Lindsay Drucker Mann - Analyst
But still, that's well below the $5.39 number that you mentioned before. So, you know, I get the idea that in theory the full RIN value should be reflected as the green premium but certainly it's not in biodiesel today based on that math. So if we were to be using more practical examples of what's already being priced in the market today and using biodiesel as a proxy, can you walk us through the EBITDA of the plant? Because it seems like it would be lower than what you originally talked about.
John Muse - EVP, Finance Administration
You would start with the B 100 number. You can use either the -- what we have been working with Valero, they basically look at that wholesale diesel price and that value and that's what we're selling against when we sell that product and how our formulas will be working with them. So that and the B 100.

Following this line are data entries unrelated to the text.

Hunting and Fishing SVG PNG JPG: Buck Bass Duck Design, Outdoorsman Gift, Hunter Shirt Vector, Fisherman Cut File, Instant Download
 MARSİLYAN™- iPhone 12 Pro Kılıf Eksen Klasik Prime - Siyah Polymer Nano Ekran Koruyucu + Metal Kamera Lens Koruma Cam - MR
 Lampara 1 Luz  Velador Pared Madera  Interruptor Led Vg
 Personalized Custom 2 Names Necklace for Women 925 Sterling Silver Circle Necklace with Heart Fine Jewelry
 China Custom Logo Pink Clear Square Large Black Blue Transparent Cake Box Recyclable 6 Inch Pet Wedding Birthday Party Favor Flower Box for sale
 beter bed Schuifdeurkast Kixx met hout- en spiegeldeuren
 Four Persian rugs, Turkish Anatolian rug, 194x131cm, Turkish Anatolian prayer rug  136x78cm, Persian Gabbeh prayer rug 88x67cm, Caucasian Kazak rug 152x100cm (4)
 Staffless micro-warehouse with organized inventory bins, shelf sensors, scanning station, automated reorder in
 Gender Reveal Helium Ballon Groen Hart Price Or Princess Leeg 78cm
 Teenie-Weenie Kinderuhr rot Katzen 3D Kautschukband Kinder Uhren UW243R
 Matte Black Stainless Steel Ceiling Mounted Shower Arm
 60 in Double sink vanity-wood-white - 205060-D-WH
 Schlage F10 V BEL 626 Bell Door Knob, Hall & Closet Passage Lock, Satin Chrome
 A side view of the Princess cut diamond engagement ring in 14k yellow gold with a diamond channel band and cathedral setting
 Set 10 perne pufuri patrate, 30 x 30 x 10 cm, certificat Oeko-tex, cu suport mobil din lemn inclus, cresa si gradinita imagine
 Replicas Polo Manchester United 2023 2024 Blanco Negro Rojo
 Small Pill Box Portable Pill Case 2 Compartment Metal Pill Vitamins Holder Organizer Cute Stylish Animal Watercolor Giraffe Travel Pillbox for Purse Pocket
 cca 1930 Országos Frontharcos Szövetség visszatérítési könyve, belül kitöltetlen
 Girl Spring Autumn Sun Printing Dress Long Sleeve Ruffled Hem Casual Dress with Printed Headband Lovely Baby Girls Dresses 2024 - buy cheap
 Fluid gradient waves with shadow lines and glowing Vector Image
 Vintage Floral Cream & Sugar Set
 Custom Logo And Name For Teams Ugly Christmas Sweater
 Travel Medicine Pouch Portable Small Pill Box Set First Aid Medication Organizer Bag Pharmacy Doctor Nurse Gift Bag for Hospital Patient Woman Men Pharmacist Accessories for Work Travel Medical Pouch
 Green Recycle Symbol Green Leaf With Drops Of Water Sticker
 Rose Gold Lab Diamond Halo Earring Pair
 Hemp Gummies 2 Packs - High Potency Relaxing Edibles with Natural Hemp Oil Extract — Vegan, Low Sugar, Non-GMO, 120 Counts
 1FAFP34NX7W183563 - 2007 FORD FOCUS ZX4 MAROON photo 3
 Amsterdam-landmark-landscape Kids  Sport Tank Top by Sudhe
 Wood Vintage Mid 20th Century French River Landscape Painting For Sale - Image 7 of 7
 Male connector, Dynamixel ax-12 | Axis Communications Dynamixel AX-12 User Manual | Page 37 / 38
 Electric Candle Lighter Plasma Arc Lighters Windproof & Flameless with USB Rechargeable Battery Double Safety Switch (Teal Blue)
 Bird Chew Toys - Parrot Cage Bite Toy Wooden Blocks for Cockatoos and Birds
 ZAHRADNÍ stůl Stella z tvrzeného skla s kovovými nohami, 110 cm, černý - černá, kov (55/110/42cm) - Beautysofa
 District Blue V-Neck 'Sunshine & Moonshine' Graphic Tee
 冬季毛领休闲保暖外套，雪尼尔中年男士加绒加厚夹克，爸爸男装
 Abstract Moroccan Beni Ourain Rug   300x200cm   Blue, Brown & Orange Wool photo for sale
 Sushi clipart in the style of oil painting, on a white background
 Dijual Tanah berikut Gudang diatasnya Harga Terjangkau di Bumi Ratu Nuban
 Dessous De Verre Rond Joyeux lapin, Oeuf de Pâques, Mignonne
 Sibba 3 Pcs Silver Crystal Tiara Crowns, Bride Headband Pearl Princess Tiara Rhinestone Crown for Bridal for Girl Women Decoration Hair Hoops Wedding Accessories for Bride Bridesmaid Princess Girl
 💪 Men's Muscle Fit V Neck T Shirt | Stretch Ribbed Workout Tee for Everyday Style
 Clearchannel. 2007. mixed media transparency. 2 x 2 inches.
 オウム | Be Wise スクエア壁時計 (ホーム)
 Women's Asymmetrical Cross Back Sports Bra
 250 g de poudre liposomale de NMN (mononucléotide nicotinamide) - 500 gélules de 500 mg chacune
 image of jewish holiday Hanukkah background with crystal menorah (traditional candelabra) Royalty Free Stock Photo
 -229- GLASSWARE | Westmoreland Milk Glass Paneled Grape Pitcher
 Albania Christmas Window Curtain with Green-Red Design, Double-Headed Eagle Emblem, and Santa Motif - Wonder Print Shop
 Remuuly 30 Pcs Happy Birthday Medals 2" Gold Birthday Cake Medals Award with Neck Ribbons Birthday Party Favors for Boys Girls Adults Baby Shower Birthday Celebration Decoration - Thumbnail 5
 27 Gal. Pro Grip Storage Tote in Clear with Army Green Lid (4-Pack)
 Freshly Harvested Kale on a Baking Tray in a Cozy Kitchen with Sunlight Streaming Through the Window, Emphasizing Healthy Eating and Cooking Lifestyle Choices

So all I've laid out is you can look at the number 2 gulf coast wholesale diesel and the RIN, and these are all published prices, and come across or you can also look at the B 100 and bring that up to the 1.7. And, yes, you're going to have -- in some cases you're going to have a $0.15 to $0.20 a gallon differential there absolutely, depending on the spot and where supply demand economics go on that. Lindsay, I agree with you.
Lindsay Drucker Mann - Analyst
So if I use $3.09 as the diesel price that you mentioned and a 1.35 RIN value times 1.5, that's a 2.025, that would suggest B 100 prices should be $5.12 and today they're $4.56. So there's decent disconnect there between the green premium truly embedded in biodiesel prices versus diesel plus the rend value, correct?
Randy Stuewe - Chairman, CEO
That's your wintertime seasonality is the way I would try to explain most of that. That's January where that methyl ester doesn't work everywhere while the plants are still trying to run and you created a hydrocarbon here that's truly a hydrocarbon --
There's a gap here, Lindsay, and these are approximations. We'll see what the real value of green diesel is in the pipeline versus trucks and tank car loads of methyl ester in the Midwest.
John Muse - EVP, Finance Administration
But yes, what Randy says, that price is down because they don't want the biodiesel until that product because of the cold flow properties. If you look back in the summertime, those numbers are much closer together. This product will not have the cold flow property issue
Lindsay Drucker Mann - Analyst
Okay. Great. Then that's helpful.
And then just to clarify, I was a little surprised, Randy, that you mentioned that a lot of your products aren't actually making their way into the biodiesel market currently since it felt like there was some disproportionate exposure relative to soybean oils or one to ten gallons of soybean oil making its way into diesel. Is the math on your products, I think 235 million pounds, how much -- just remind me how much of that percentage of your total raw material that is?
Randy Stuewe - Chairman, CEO
Well, that's a little -- 10%, maybe a little more.
Lindsay Drucker Mann - Analyst
Okay. So it's generally on par, I guess, with soybean oil's exposure to the biodiesel markets.
Randy Stuewe - Chairman, CEO
Right.
Lindsay Drucker Mann - Analyst
Okay. Great. Thanks everyone.
Operator
This is the end of the question and answer session. Back to Mr. Stuewefor any closing remarks
Randy Stuewe - Chairman, CEO
Okay, with that, thank you everybody great questions today. I hope we answered them, and I look forward to talking to you with our first quarter results. Thanks again.
Operator
The conference is now concluded. Thank you for attending today's presentation. You may now disconnect.